His palpable confidence with the ball is what elevates him above every other freshmen in the nation, and will propel him and his teammates to unexpected heights if tempered with discretion, judgment and composure.
Austin Rivers is immensely skilled already, but his poise and eagerness to take big shots and lead Duke is what makes him very, very rare in the college ranks. With those qualities come a few potential weaknesses, but overall, the benefits of Rivers far outweigh the drawbacks.
Coach K and Duke fans are delighted to have Rivers, even if only for a Kyrie Irving-esque stopover in Durham.
Excepting some of the holdovers from Connecticut's title team of last year, no team on the current landscape has more meaningful tournament experience than Duke does.
Mason and Miles Plumlee, Ryan Kelly and Andre Dawkins all remember what it feels like to navigate the tournament and know what it takes to ascend to the mountaintop as champion. All four start and contribute as core players on this year's team, along with junior Seth Curry, who watched that 2010 national championship from the bench while sitting out his transfer year from Liberty.

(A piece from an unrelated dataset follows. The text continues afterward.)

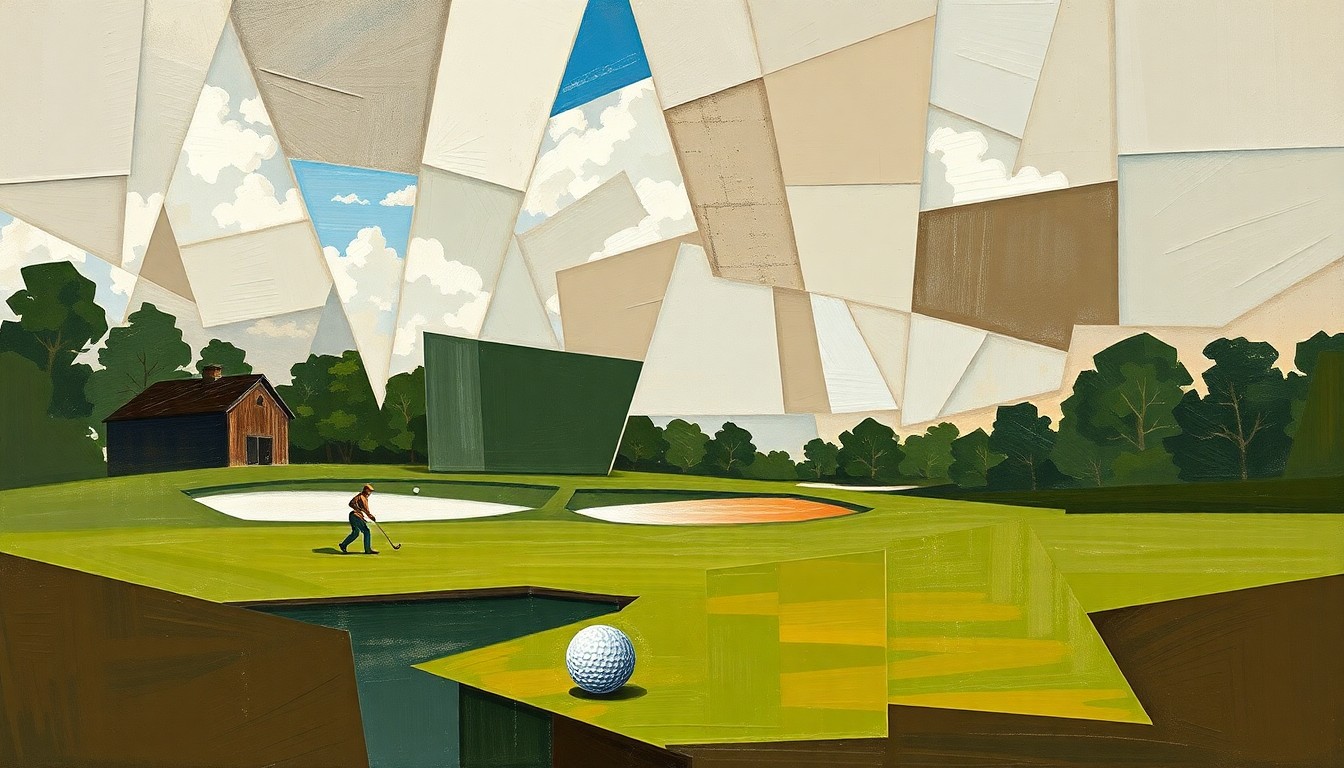 A fragmented, geometric painting in muted earth tones, with sharp planes and angles representing the complex emotional experience of a golfer who struggled on the final day of a major tournament.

No one can claim the extent of postseason experience that Duke can, which isn't all-encompassing, but certainly gives a team something to lean on when entering the postseason pressure-cooker. Leaning on experience yields poise, which is crucial when the heat is on.
Duke might not be the best team in the nation, and could very well could fall short of a Final Four berth, but failure won't ensue because they weren't prepared for the moment.